It’s a lesson that we’ve all learned as children. Don’t put all your eggs in one basket. Why? Simple. If you drop the basket you lose everything. Essentially the lesson teaches us not to focus all [effort, resources, etc] into one thing. In engineering we might refer to this as a ‘single point of failure’ or a system with no ‘dissimilar redundancy.’

What is dissimilar redundancy? Well, a backup system can be referred to as a redundant system. However, if the backup system works exactly the same way as the primary system, then both are susceptible to what is known as a ‘common mode’ failure. Let’s take satellite-based navigation systems as the example in point for this post. The United States system is known as GPS and Europe is in the process of fielding a satellite system known as Galileo. Once Galileo is fully operational, it would be redundant to have both a GPS and a Galileo receiver (or a receiver that was able to process signals from both systems). This is a good thing. If there is a glitch in the systems that control the GPS satellites, for example, Galileo will be unaffected. However, GPS and Galileo are not dissimilarly redundant. A particularly massive solar storm (bursts of energy from the Sun that cause the Northern lights) could theoretically affect all satellite systems and thus GPS and Galileo service would be affected simultaneously.

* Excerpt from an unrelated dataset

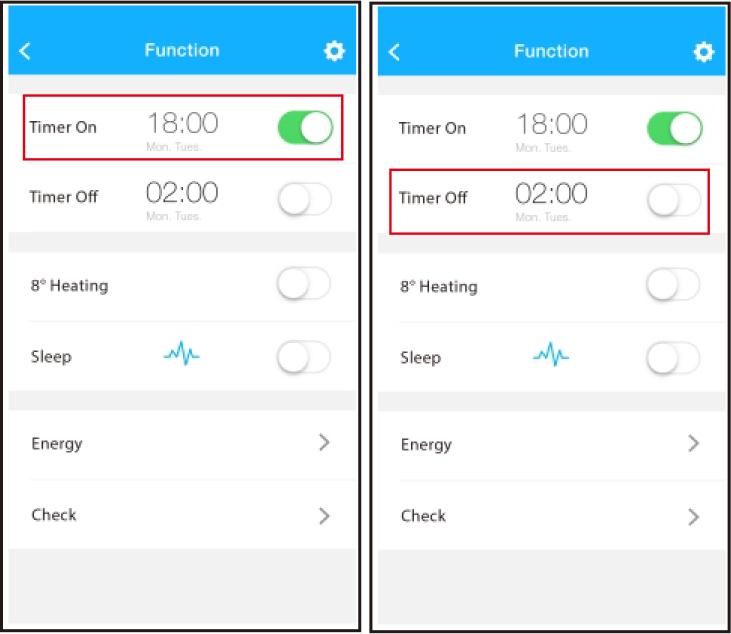 Funkcje Specjalne Timer On, Timer Off, Ogrzewanie 8 C, Funkcja Sen, Energy, Check Uwagi: Jeżeli funkcja nie jest obsługiwana przez klimatyzator, będzie ona ukryta przez aplikację.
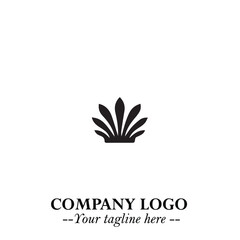 Elegant Black Crown Logo Symbol on a Clean White Background for Premium Branding Design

In recognition of this, Britain has made operational a backup navigation system known as eLoran. eLoran is an ‘enhanced’ or modernized version of Loran (Loran was originally developed during WWII and was upgraded from the 1950s through the 1980s). Loran (LOng RAnge Navigation) is a system consisting of ground-based transmitters that operate at a very low frequency (100 kHz). GPS, in contrast, operates at an extremely high frequency (~1.6 GHz) in addition to operating with space-based transmitters. Since eLoran operates completely differently than satellite-based navigation systems, it is dissimilarly redundant. The error modes that adversely affect GPS will not affect eLoran and vice-versa. An operator that has both GPS and eLoran will have high confidence that they will be able to continue to navigate even if one system is degraded or even completely unavailable. Since the British eLoran system covers the North Sea area, vessels operating in this region will benefit. [It’s important to note that the five Loran transmitters used in the British eLoran system only provide coverage over Britain and parts of western Europe]

The synergistic natures of GPS and Loran were researched extensively in the United States back in the 1980s. Loran was pioneered in the United States and by the late 1980s Loran provided coast-to-coast coverage. However, the growing interest and utilization of GPS in the 1990s led to Loran being viewed as an unnecessary government expense. After various budget battles, the U.S. government decommissioned its Loran stations in 2010. Not long afterward, however, the threat to GPS by intentional interference and jamming (even in non-wartime, domestic situations) became undeniable. In an effort to save a relatively small amount of money, the U.S. government had turned off the only viable backup to GPS [note: the distance measuring equipment (DME) network is a backup that is applicable to aviation users only].

A recent media report indicates that Congress wants to put eLoran back on the table as a possible GPS backup. Britain is very wisely not waiting to see what the U.S. will do. More details can be found in reports by the Financial Times and by BBC News.